Start of EXERCISE MATERIAL

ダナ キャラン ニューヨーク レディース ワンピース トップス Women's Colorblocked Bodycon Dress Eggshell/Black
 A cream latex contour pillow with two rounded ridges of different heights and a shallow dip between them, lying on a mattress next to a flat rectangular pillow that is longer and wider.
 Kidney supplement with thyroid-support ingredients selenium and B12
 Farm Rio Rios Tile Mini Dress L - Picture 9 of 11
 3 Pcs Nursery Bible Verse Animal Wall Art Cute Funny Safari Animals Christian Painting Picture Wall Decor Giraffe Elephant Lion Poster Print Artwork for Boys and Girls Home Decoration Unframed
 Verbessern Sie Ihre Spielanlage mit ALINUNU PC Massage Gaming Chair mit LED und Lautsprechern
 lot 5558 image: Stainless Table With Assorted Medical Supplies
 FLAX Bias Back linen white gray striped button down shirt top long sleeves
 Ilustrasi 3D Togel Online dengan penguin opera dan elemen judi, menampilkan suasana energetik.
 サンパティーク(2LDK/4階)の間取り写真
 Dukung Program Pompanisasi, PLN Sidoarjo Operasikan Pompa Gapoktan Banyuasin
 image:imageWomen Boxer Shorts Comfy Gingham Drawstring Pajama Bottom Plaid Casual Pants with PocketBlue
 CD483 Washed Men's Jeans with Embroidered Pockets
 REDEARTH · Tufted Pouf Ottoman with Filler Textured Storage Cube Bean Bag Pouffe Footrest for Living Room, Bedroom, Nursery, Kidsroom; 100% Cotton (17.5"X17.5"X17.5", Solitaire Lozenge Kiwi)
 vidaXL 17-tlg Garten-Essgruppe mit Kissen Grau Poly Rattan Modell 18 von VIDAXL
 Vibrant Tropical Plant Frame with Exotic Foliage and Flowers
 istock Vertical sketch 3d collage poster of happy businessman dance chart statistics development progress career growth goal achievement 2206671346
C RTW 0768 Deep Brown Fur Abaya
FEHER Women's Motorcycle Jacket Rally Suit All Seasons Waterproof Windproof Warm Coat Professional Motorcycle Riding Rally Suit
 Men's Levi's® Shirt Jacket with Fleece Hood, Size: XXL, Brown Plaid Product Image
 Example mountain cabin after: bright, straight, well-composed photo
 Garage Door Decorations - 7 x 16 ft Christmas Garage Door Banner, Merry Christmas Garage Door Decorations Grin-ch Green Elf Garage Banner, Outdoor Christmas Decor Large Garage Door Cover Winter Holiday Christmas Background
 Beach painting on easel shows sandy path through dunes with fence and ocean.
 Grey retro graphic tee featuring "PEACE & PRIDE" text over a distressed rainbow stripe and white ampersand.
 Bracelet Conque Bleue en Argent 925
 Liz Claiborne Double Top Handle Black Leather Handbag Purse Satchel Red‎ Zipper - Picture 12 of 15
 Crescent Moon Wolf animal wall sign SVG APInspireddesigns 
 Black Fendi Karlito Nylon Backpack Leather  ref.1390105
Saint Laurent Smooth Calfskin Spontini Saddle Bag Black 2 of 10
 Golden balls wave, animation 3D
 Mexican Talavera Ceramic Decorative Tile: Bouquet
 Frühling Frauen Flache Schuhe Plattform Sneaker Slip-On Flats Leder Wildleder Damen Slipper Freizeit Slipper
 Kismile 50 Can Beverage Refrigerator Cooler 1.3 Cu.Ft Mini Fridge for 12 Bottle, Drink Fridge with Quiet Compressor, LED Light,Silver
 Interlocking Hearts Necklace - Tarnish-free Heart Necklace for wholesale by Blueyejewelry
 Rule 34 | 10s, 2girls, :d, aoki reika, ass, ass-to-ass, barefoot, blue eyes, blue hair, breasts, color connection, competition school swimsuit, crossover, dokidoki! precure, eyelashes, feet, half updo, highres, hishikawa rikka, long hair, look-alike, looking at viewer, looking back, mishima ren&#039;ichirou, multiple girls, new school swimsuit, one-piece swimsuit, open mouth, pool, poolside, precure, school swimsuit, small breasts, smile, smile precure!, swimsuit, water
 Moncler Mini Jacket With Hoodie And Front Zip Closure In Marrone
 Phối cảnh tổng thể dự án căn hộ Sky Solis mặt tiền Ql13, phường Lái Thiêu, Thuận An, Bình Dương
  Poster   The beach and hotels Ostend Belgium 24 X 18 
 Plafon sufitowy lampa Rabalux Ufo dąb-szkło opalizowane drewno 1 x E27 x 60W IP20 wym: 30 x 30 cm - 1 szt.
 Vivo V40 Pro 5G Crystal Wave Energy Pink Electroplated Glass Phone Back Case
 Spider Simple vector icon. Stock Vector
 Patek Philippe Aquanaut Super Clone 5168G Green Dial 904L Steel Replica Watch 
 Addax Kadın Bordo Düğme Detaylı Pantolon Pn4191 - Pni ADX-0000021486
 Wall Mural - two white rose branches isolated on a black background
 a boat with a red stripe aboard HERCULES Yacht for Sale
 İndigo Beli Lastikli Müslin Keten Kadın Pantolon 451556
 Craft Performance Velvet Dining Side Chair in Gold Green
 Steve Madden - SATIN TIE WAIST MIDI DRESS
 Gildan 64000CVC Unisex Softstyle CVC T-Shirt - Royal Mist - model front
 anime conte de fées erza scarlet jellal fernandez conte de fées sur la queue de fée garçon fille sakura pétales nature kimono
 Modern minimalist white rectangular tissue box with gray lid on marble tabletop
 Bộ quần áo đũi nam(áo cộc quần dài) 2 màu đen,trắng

End of EXERCISE MATERIAL

§ ASSIGNMENT
From the line that has "Liz Claiborne Double" through the line that has "Addax Kadın Bordo", copy every line exactly as it appears above, and leave out all others.

§ ANSWER SECTION
 Liz Claiborne Double Top Handle Black Leather Handbag Purse Satchel Red‎ Zipper - Picture 12 of 15
 Crescent Moon Wolf animal wall sign SVG APInspireddesigns 
 Black Fendi Karlito Nylon Backpack Leather  ref.1390105
Saint Laurent Smooth Calfskin Spontini Saddle Bag Black 2 of 10
 Golden balls wave, animation 3D
 Mexican Talavera Ceramic Decorative Tile: Bouquet
 Frühling Frauen Flache Schuhe Plattform Sneaker Slip-On Flats Leder Wildleder Damen Slipper Freizeit Slipper
 Kismile 50 Can Beverage Refrigerator Cooler 1.3 Cu.Ft Mini Fridge for 12 Bottle, Drink Fridge with Quiet Compressor, LED Light,Silver
 Interlocking Hearts Necklace - Tarnish-free Heart Necklace for wholesale by Blueyejewelry
 Rule 34 | 10s, 2girls, :d, aoki reika, ass, ass-to-ass, barefoot, blue eyes, blue hair, breasts, color connection, competition school swimsuit, crossover, dokidoki! precure, eyelashes, feet, half updo, highres, hishikawa rikka, long hair, look-alike, looking at viewer, looking back, mishima ren&#039;ichirou, multiple girls, new school swimsuit, one-piece swimsuit, open mouth, pool, poolside, precure, school swimsuit, small breasts, smile, smile precure!, swimsuit, water
 Moncler Mini Jacket With Hoodie And Front Zip Closure In Marrone
 Phối cảnh tổng thể dự án căn hộ Sky Solis mặt tiền Ql13, phường Lái Thiêu, Thuận An, Bình Dương
  Poster   The beach and hotels Ostend Belgium 24 X 18 
 Plafon sufitowy lampa Rabalux Ufo dąb-szkło opalizowane drewno 1 x E27 x 60W IP20 wym: 30 x 30 cm - 1 szt.
 Vivo V40 Pro 5G Crystal Wave Energy Pink Electroplated Glass Phone Back Case
 Spider Simple vector icon. Stock Vector
 Patek Philippe Aquanaut Super Clone 5168G Green Dial 904L Steel Replica Watch 
 Addax Kadın Bordo Düğme Detaylı Pantolon Pn4191 - Pni ADX-0000021486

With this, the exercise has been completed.